When Did Abraham Live?

— Adam and Eve and the Fall    Approximately 4000 BC
— Enoch                                          Approximately 3000 BC
— Noah and the Flood                  Approximately 2400 BC
— The tower of Babel                    Approximately 2200 BC
— Abraham                                     Born in about 2000 BC

Abraham’s Titles:

— “Friend of God” (James 2:23; D&C 84:63, 77; D&C 93:45–46)
— “Father of the Faithful” (Galatians 3:8–9)
— One of the “jewels of God” (D&C 101:3–4; Zechariah 9:16; Malachi 3:17).

We Are the Children of Abraham

We are “the seed of Abraham” (D&C 84:34; D&C 132:30). You probably have a statement in your patriarchal blessing that you are an heir to the “blessings of Abraham.


Seeking the Blessings of the Fathers

Abraham sought the blessings of the priesthood (Abraham 1:1–3).
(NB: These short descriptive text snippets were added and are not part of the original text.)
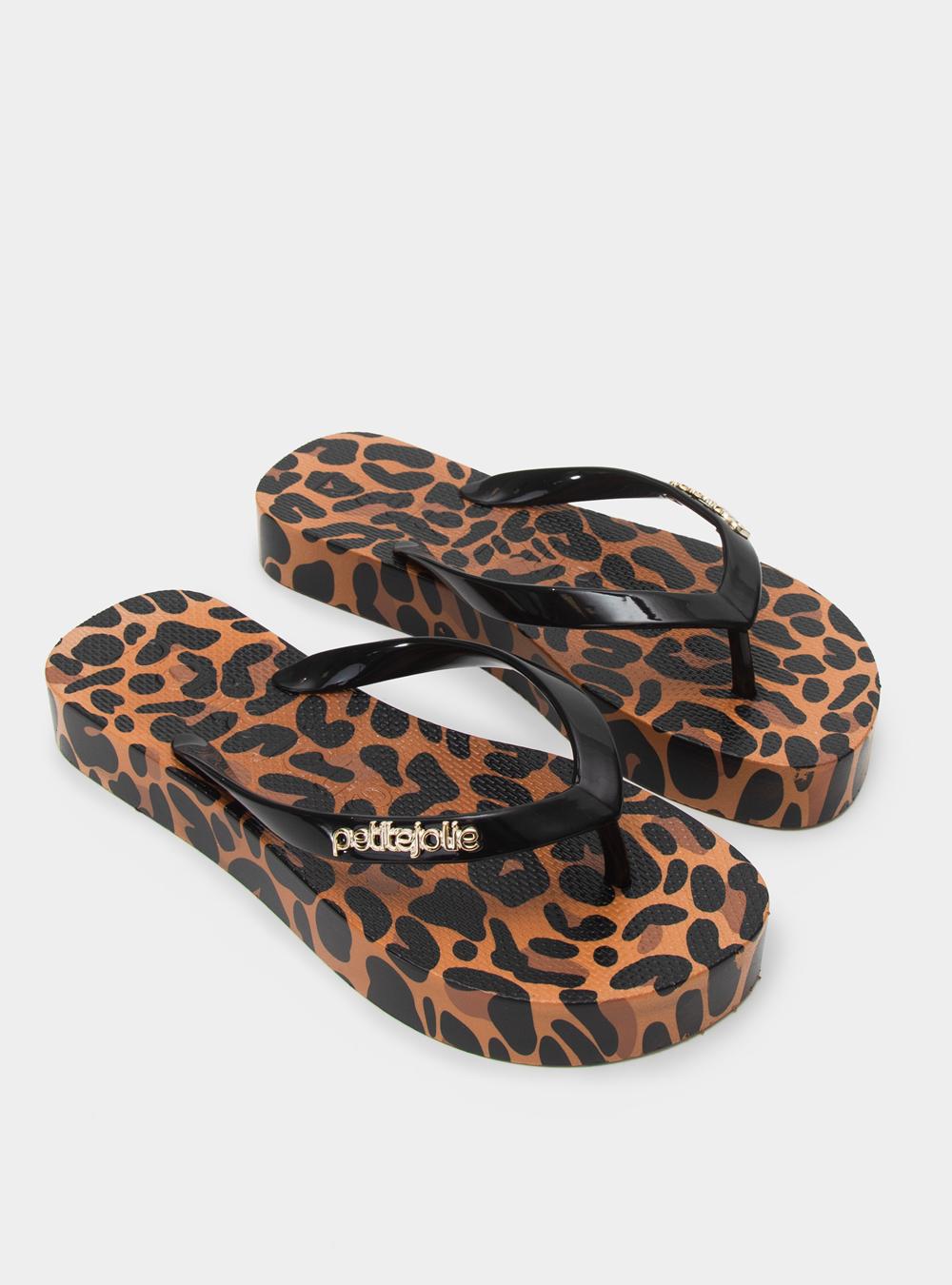 Chinelo Petite Jolie Fresh Up Onça PJ7835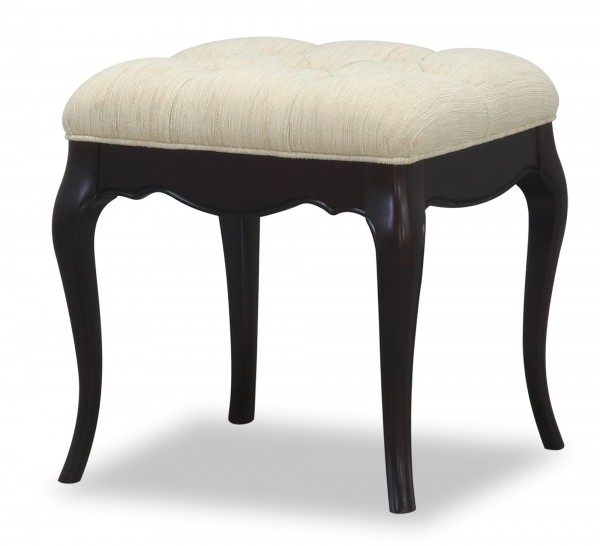 スツール 椅子 チェア ブラウン 高級家具 猫脚 エレガント ヨーロピアン ミラーナ クラシック 東海家具 輸入家具 フレンチテイス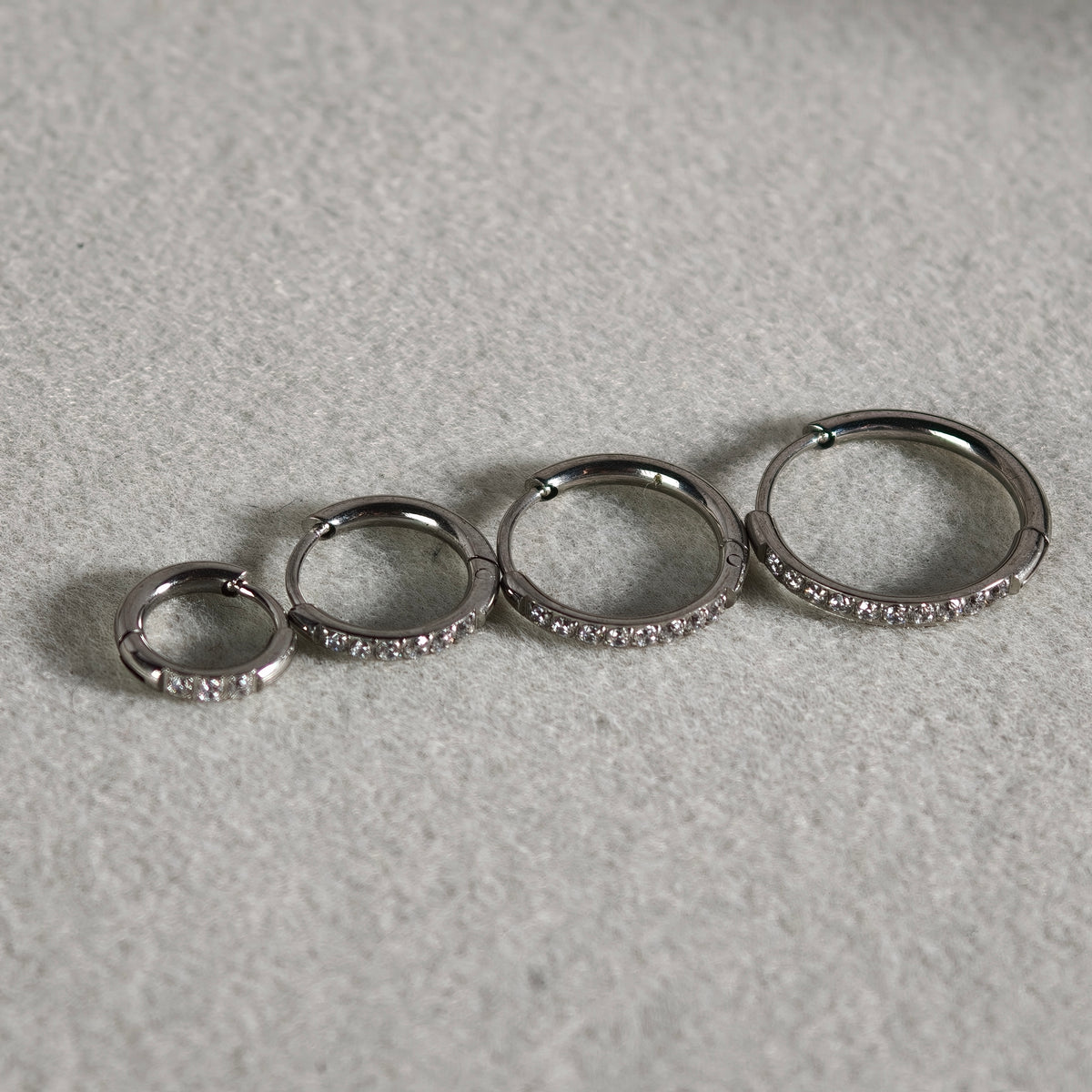 Hoop Clicker CZ - Surgical Stainless Steel 316L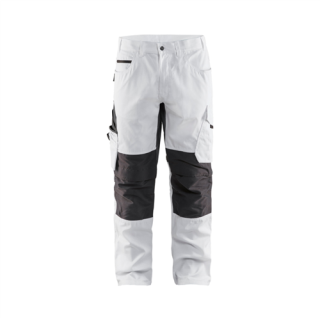 Blaklader - Schilderswerkbroek stretch, Wit/D-Grijs, 46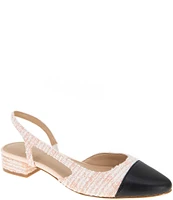 BCBGeneration Tillie Boucle Cap Toe Slingback Flats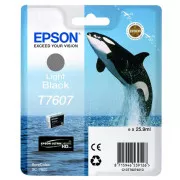 Epson T7607 (C13T76074010) - kartuša, light black (svetlo črna)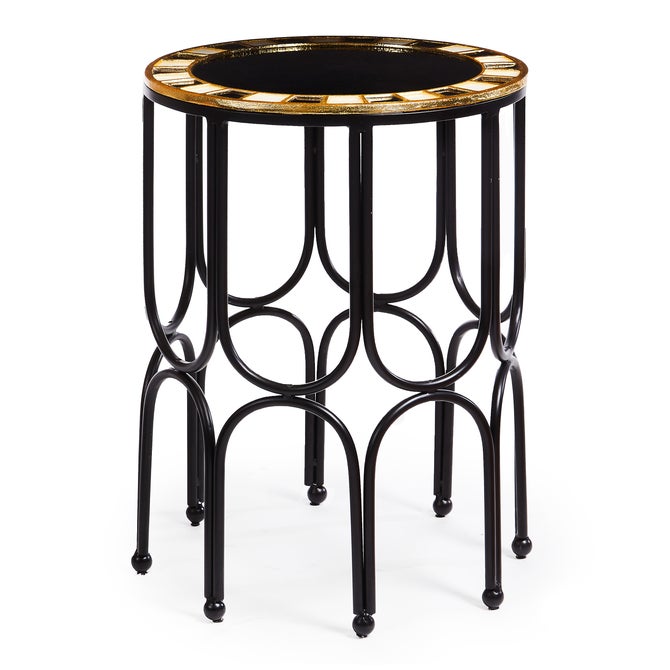 Black Tie Round Accent Table - {current_domain}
Neal A. Maxwell said, “The true disciple has an inborn questioning to know, personally, all that God is willing to teach us . . . Abraham sought, even though he had a father who had turned from the faith, ‘for greater happiness and peace’ and ‘for mine appointment unto the priesthood.’ . . . Abraham described himself as desiring ‘great knowledge, and to be a greater follower of righteousness’ . . . , questing for the word of Christ. Divine discontent in the form of promptings can move us to feast because we know that by feasting we can increase our knowledge, effectiveness, and joy.”1

Ezra Taft Benson said, “The order of priesthood spoken of in the scriptures is sometimes referred to as the patriarchal order because it came down from father to son . . . Abraham, a righteous servant of God, desiring as he said, ‘to be a greater follower of righteousness,’ sought for these same blessings.”2

Abraham Is Nearly Sacrificed to an Idol

The Chaldeans and the Egyptians (Abraham 1:1). Ur, the birthplace of Abraham, is 875 miles from Egypt. Nevertheless, it appears that in the days of Abraham they shared religious beliefs and practices. Elkenah was also the priest of Pharaoh. Facsimile 1, Figure 4 shows an Egyptian sacrificial altar.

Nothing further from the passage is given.